Next, we need an equation for the electrostatic potential. We use the following charge-capacitance equations:

$${\gamma }_k{C}_m^k{\varphi }_{k\text{e}}=z_0^{k}F{a}_k+\sum _{i=1}^M{z}_{i}F{\alpha }_k{c}_i^k,{\varphi }_{k\text{e}}={\varphi }_k-{\varphi }_{\text{e}},k=\text{n},\text{g},$$ (7)

$$-\sum _{k=1}^2{\gamma }_k{C}_m^k{\varphi }_{k\text{e}}=z_0^{N}F{a}_{\text{e}}+\sum _{i=1}^M{z}_{i}F{\alpha }_{\text{e}}{c}_i^{\text{e}}.$$ (8)

Here, $C_m^k$ is the membrane capacitance per unit area between the kth compartment and the extracellular space and $z_0^k$ is the average valence of the immobile charges.

Ion channels

The transmembrane ion fluxes $g_i^k$ are a combination of fluxes from ion channels, transporters, and ion pumps. Ion channel currents in the neuron is given by:

$$\begin{array}{cc}\hfill g_{\text{Na}}^{\text{n}}& =j_{\text{NaL}}^{\text{n}}+j_{\text{NaP}}^{\text{n}}+2h_{\text{NaK}}^{\text{n}}+\frac{2}{3}{j}_{\text{NMDA}}^{\text{n}}\hfill \\ \hfill g_K^{\text{n}}& =j_{\text{KL}}^{\text{n}}+j_{\text{KDR}}^{\text{n}}+j_{\text{KA}}^{\text{n}}-3h_{\text{NaK}}^{\text{n}}+\frac{1}{3}{j}_{\text{NMDA}}^{\text{n}}\hfill \\ \hfill g_{\text{Cl}}^{\text{n}}& =j_{\text{ClL}}^{\text{n}}\hfill \end{array}$$

In Glia:

$$\begin{array}{cc}\hfill g_{\text{Na}}^{\text{g}}& =j_{\text{NaL}}^{\text{g}}+2h_{\text{NaK}}^{\text{g}}+j_{\text{NaKCl}}^{\text{g}}\hfill \\ \hfill g_{\text{K}}^{\text{g}}& =j_{\text{KIR}}^{\text{g}}-3h_{\text{NaK}}^{\text{g}}+j_{\text{NaKCl}}^{\text{g}}\hfill \\ \hfill g_{\text{Cl}}^{\text{g}}& =j_{\text{ClL}}^{\text{g}}+2j_{\text{NaKCl}}^{\text{g}}\hfill \end{array}$$

Here, the j_NaL,KL,ClL are leak channel flux, j_NaP is the persistent sodium flux, h_NaK are the active NaK ATPase pump flux, j_KA is the transient potassium flux, j_KDR is potassium delayed rectifier flux, j_NMDA is the NMDA receptor flux, j_KIR is the Potassium inward rectifier flux, and j_NaKCl is the sodium-potassium-chloride cotransporter flux. The glutamate fluxes are discussed below in Section Glutamate dynamics. We note that the fast Na current is not included here. The fast Na current by itself inactivates too quickly and is not capable, in computational models, of producing sustained depolarizations that will generate SD. They are nonetheless important, especially in the interplay of SD with epilepsy for example, a topic that is beyond the scope of this study.

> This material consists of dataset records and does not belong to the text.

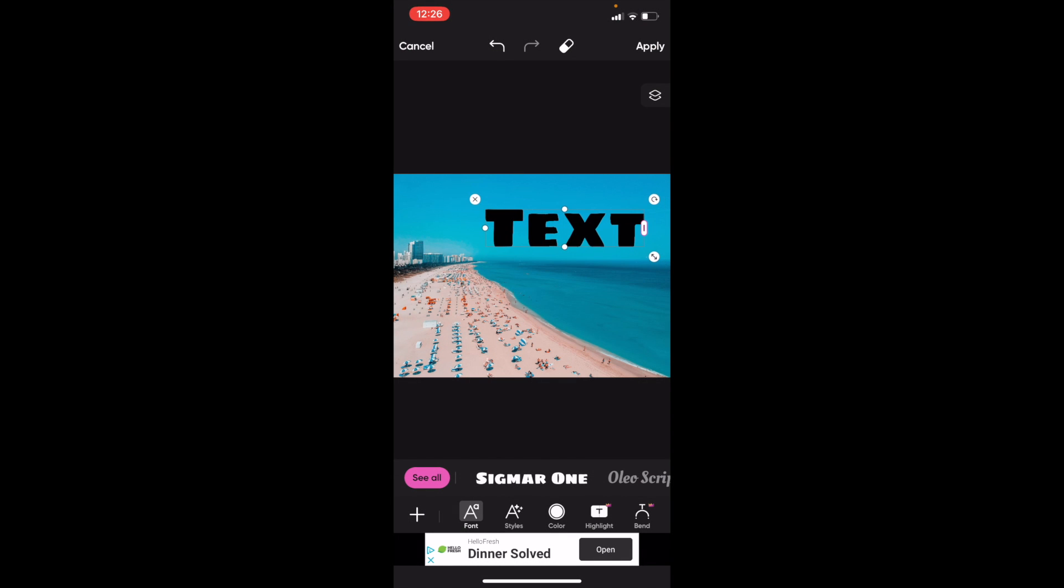Now, if you want to add a border, like a square box, just go to the bottom bar where it says highlight, press on highlight, and then you can add a bar right here.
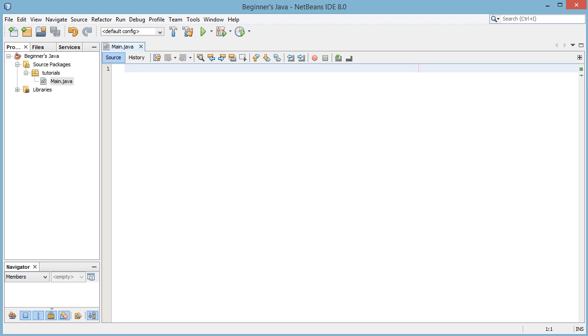So without going into too much depth about what every command I do does, just make sure you copy it how I write it down and rest assured everything I write will be explained now or at a later date depending on when it's relevant.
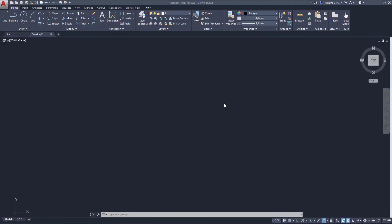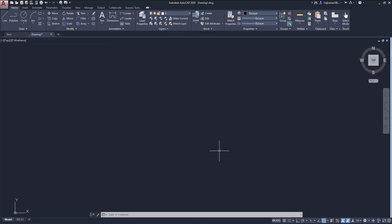Welcome to this video. In this video we are going to see how to get back classic workspace on AutoCAD 2020. Here you can see this is the latest workspace, so we are going to get back the classic workspace.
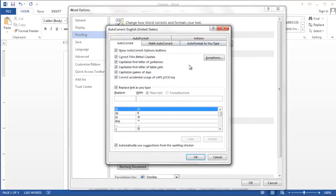To turn autocorrect off completely, we'll uncheck the box that says replace text as you type.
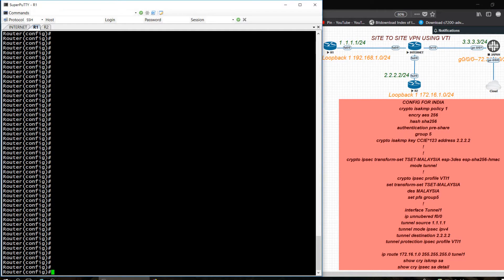Hi guys, this is Rishad here. Today I am going to configure site-to-site VPN between Cisco routers. Let's start. IP addresses are already configured, so I need to check whether the IP addresses are pingable or not.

All of these fluxes have the form of:

$$\begin{array}{c}\hfill \begin{array}{cc}\hfill j_i^k& =m^p{h}^q{P}_{\text{ion}}J(c_i^k,c_i^{\text{e}},{\varphi }_{k\text{e}}),J=J_{\text{HH}}\text{or}{J}_{\text{GHK}},\hfill \\ \hfill J_{\text{HH}}& =RT\text{ln}\left(\frac{c_i^k}{c_i^{\text{e}}}\right)+z_{i}F{\varphi }_{k\text{e}},J_{\text{GHK}}=\frac{c_i^k\text{exp}(z_{i}F{\varphi }_{k\text{e}}/RT)-c_i^{\text{e}}}{\text{exp}(z_{i}F{\varphi }_{k\text{e}}/RT)-1},\hfill \end{array}\end{array}$$ (9)

where m and h are gating variables, P_ion is the permeability, J is either the Hodgkin-Huxley (HH) or Goldman-Hodgkin-Katz (GHK) type of currents (they depend on inter/extra cellular concentration and the voltage difference). Each m and h has its own ODE that is of the form:

$$\frac{ds}{dt}=S({\varphi }_{k\text{e}},s),s=m,h,$$

where S is some linear function in g with typical Hodgkin-Huxley type relations for opening and closing of ion channels that depends on membrane voltage. A list of all parameters can be found in S1 Text.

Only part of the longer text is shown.